Like the PSA test, there is little data saying that mammograms decrease the mortality rate from breast cancer. And indeed, some of the harms of breast cancer screening are being publicized in the UK.

The number needed to treat, a statistic that is gaining increasing relevance in mainstream health reporting, is mentioned prominently in this NY Times article: “A 2006 analysis by the Nordic Cochrane Center collaborative, an independent research and information center based in Copenhagen, found that for every 2,000 women age 50 to 70 who are screened for 10 years, one woman will be saved from dying of breast cancer, while 10 will have their lives disrupted unnecessarily by overtreatment.”
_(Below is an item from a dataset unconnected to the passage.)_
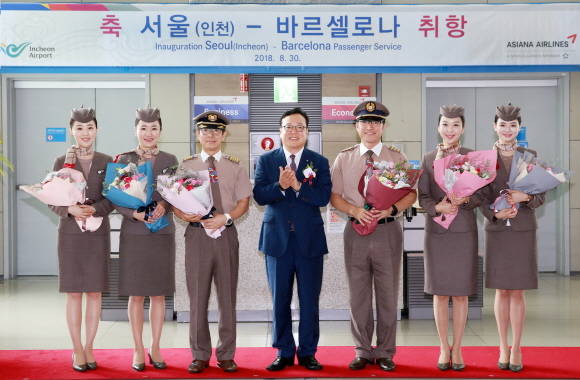 아시아나항공의 바르셀로나 취항식에 참석한 문명영 아시아나항공 여객본부장(왼쪽 네번째)과 임직원들이 기념촬영을 하고 있다. ⓒ 아시아나항공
And the price of overdiagnosis and overtreatment can be significant, ranging from a breast biopsy to a mastectomy.

Merrill Goozner comments on the article, and like other forms of cancer screening, the vocal minority whose lives were saved from screening likely will have the emotional pull over the data suggesting mammogram’s lack of efficacy.

“What’s best for population health (and usually more economical) is no consolation for individuals who test positive and must make individual choices,” writes Mr. Goozner. “That’s why telling patients at that moment what their real odds are — the number needed to treat before one life will be saved — is crucial to informed medical decision-making.”

Indeed.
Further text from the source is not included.